Melissa Hudson’s The Weight of Waiting
The Weight of Waiting is a group piece of seven dancers. This piece displayed a gorgeous flow and technique from the dancers. The beauty of the canons and individual solos was the consistent backbone of this piece. This group also worked with chairs and seeing seven of them, used by seven dancers, was so appealing. The dancers moved the backs of their chairs into a small circle and the group moved from chair to chair smoothly. A favorite moment of mine was when one dancer stood on her chair in center stage and slowly leaned her body into a long lateral T. The movement grew from direct with ease to strong and quick as the piece progressed. Another memorable moment was when the dancers had their chairs in a vertical line and one by one they tip toed slowly and carefully down the line of chairs. It reminded me of walking on clouds while they were lifting their arms freely as they stepped from chair to chair. Hudson’s choreography is inspiring and stunning.
Natalie Boegel’s Verguenza
This was a solo performed by Hannah Soares. Soares performed this solo with such power and grace. There is no doubt that she is a powerful dancer and can quickly change movement quality, as this was a theme in Verguenza. Soares spent most of her time swiping her legs and arms on the floor in various movement phrases, but what remained, whether on her knees or standing, was a motif of her right hand creeping around the back of her head and spoking her elbow towards her left knee sharply.

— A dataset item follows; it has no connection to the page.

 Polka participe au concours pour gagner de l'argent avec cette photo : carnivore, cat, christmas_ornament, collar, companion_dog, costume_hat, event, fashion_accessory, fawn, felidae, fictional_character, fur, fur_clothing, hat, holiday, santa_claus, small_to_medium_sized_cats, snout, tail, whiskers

The contrast between the smooth movements and the sharp movements were massive and made this solo stimulating.
This was performed by a group of seven dancers. #NineTen was made up of lovely canons and graceful movements. The dancers’ movements made me think of angels. The dancers were lifted and moved their arms in carved shapes through the air. It was clear that these dancers work well together and dance seamlessly as a group.
Torens Johnson’s In My Head
This is a solo performed by Diedre Dawkins. This was an expansive solo that showcased Dawkins’ lovely technique and power. She performed jumps, penches, and high releases, all while dancing on and around a bench. Dawkins performed Johnson’s choreography with a pleasant smile on her face, which made this solo even more exciting to watch.
Overall, the BIDA 2nd Annual Showcase was a success. I am so thrilled with the performances on both days. The performances showcased the Baltimore dance community in all its similarities and differences. The choreography was emotional, comical, graceful, beautiful and powerful. This was such a great opportunity for the audience to see great choreography performed by great dancers. I am definitely looking forward to what the 3rd Annual Showcase will bring.